Builders around the world must redirect their efforts to smaller, multifamily dwellings if they are to cope with dwindling housing resources and a mushrooming population, a new study for the United Nations concludes.

Americans especially will have to adjust to smaller homes or be prepared to pay as much as $150,000 for an average house in nine years, said the Worldwatch Institute, a Washington-based reasearch organization.

"Trends in each of the major housing resources all point toward the building of the same kind of houses -- low-rise, multifamily houses and town houses," said Bruce Stokes, a Worldwatch researcher who wrote the report.

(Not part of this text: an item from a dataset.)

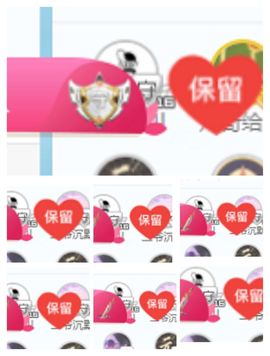 小甜贪财好色💕的图片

A projected 35 percent jump in the world's population by the year 2000 would push the census to about 6.1 billion and would add an estimated 600,000 households to the already sparse housing market of the lesser-developed world, the study concludes.

The United States will face a wave of new house-hunters as the 1950's "baby boom" generation begins settling down and as changing social patterns produce an increasing number of one-person households, Stokes predicted.

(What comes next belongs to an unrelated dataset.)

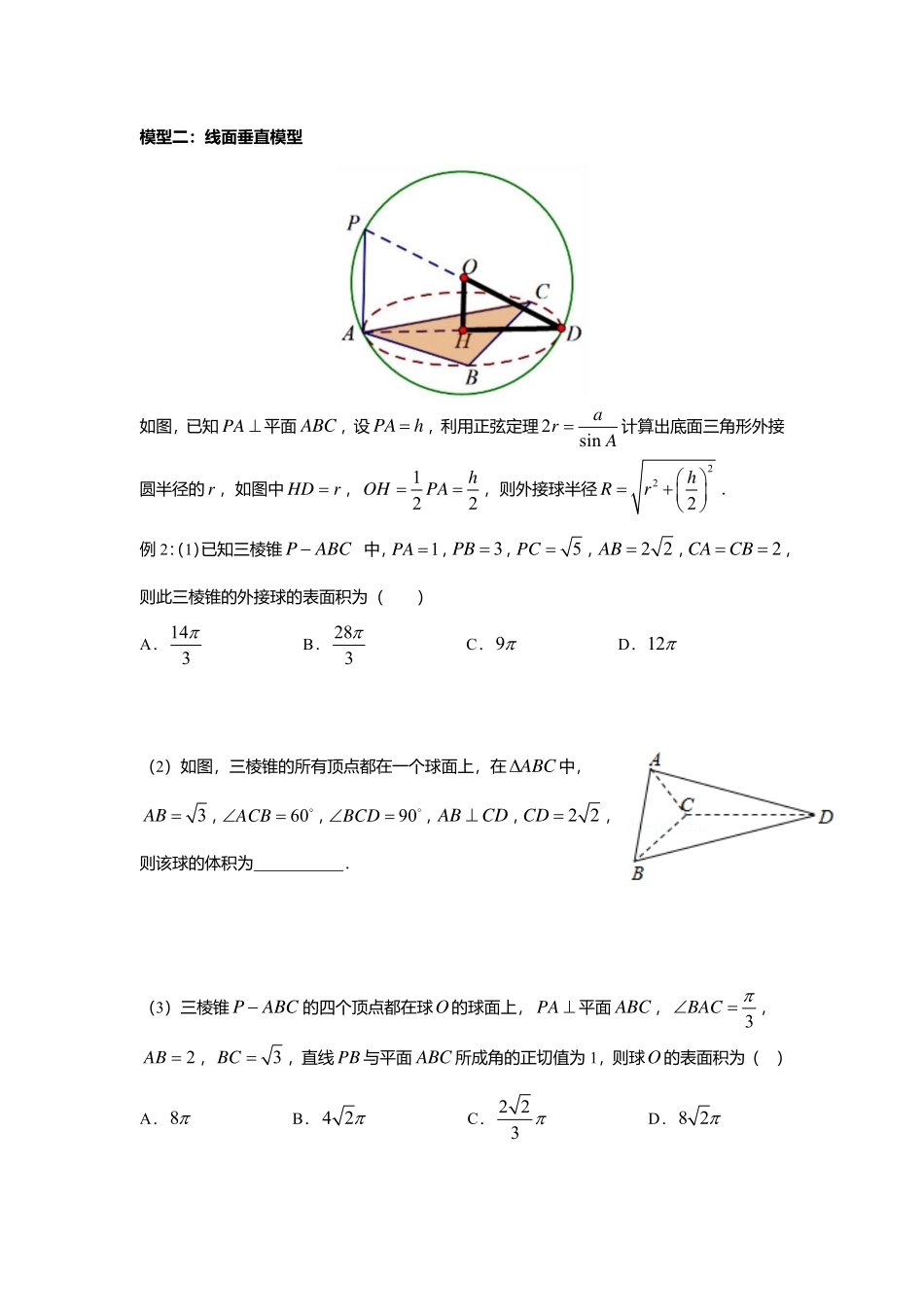 2025届巴蜀数学高一-8.7.2  几何体的外接球和内切球（第二课时） (1).pdf_第2页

U.S. home construction costs tripled in the past decade, and material costs outstripped consumer price index increases by more than two percentage points during the same period. Since 1949, Stokes said, land and financing costs have nearly doubled their proportions of the total new-house bill.

"We have to accommodate to a world of unrenewable resources -- and accommodate ourselves by down-sizing our houses, changing the types of materials we use to build our homes and changing our energy consumption patterns," Stokes said.

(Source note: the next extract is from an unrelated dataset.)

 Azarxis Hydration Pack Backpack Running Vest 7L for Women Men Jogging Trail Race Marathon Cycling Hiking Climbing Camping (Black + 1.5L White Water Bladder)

Stokes predicted that the present U.S. home will become the "dinosaur" of the 1980s, much like the full-sized auto became outdated in the '70s.

"The single-family dwelling as we know it in the United States is a quirk of history, of economics," he contends. "We had a lot of cheap land, cheap money and cheap and plentiful materials."

By the end of this decade, Stokes predicted, the typical American house may shrink to less than 1,400 square feet from the 1978 high of 1,527 square feet.

Although the average size of houses has declined slowly in North America in the past three years, the typical American home is nearly triple the average size of a new unit in the Soviet Union and one-third larger than West German homes.

The Third World, long-plagued by inadequate-housing problems, will have half again as many people looking for shelter at the turn of the century, the report predicts.

Noting that most Third World families build their own homes with whatever material is available, Stokes said the crucial issue there will be how to improve building techniques.

Houses of the future should be clustered to avoid land waste, the Worldwatch report recommends. As an example of such grouping, Stokes points to Village Homes, a 200-household development in Davis, Calif. The builder clustered eight or 10 houses on one section of a land tract and left a large "backyard" where the community cooperatively maintains vegetable gardens, fruit trees and a playground. That keeps 12 of the development's 77 acres in agricultural production.

Stokes said architects must redesign home interiors to use space more efficiently, perhaps by eliminating such luxuries as dining rooms or by creating multi-use rooms like the Japanese -- who often use sliding panels to transform sleeping rooms to dining or recreation areas.

Citing an estimate by William C. Baer of the University of Southern California that more than half of America's housing units have surplus space, he estimated 1.7 million new housing units could be created by making too-large houses into duplexes.

Reducing world housing demand in the next century will cost governments $3 billion each year, Stokes estimated, He suggests leaders of industrial countries give tax incentives for high-density households, remove unnecessary construction regulations and oversee the development of new plastics and earth-based building materials.

The U.N. Fund for Population Activities funded the study, which Stokes said cost the fund approximately $40,000.